With the assistance of Mercedes GP, Jacques Heyder-Bruckner completed a PhD thesis in 2011 which analysed the front wing-wheel interaction on a racing car. Of particular interest in this work is the fact that Detached Eddy Simulation (DES) was used to represent the phenomenon of vortex breakdown, which occurs when the front-wing approaches low ride-heights under conditions of roll and pitch.
Whilst Reynolds Averaged Navier-Stokes (RANS) simulations are the CFD workhorse of modern motorsport, RANS is known to be inadequate for representing separated flows, and in particular for representing large-scale vortical phenomena, such as vortex evolution and breakdown. In contrast, Detached Eddy Simulations use RANS to represent the attached flow, but directly solve the Navier-Stokes equations in the regions of separated flow.

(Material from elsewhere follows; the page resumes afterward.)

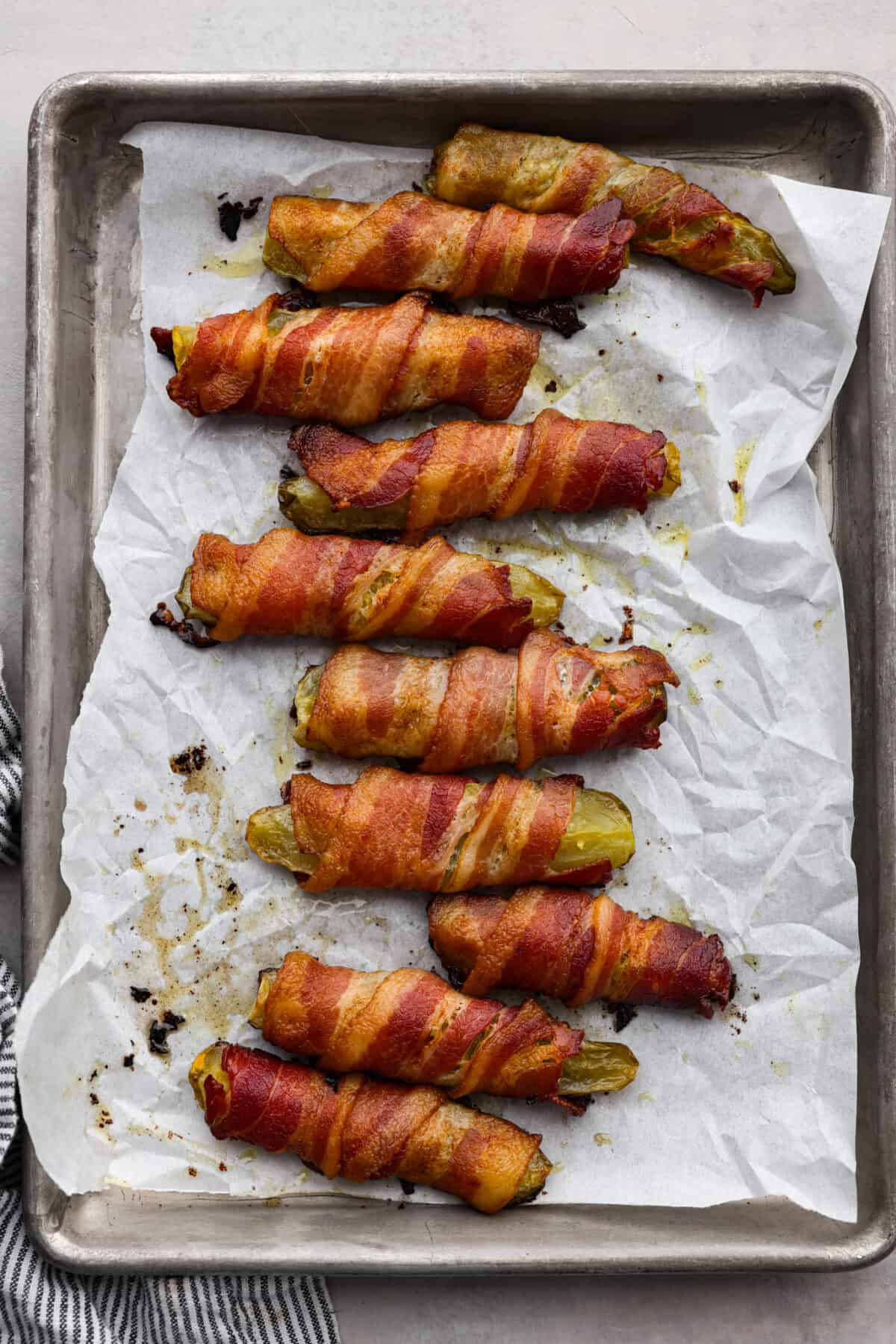 Bacon wrapped pickles on a baking sheet.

Q-criterion isosurfaces of the vortex breakdown phenomenon, taken from the instantaneous DES flowfield, are depicted here. Bruckner points out that “the vortex breakdown moves forward as the wing is moved closer to the ground…The large vortex expansion…is composed of a recirculation region enclosed by the spiralling tail shed from the vortex breakdown.This causes high pressure fluctuations on the endplate and flap, resulting in a more unstable wing with variations in downforce and drag three times larger than at higher ride-heights.” (p116).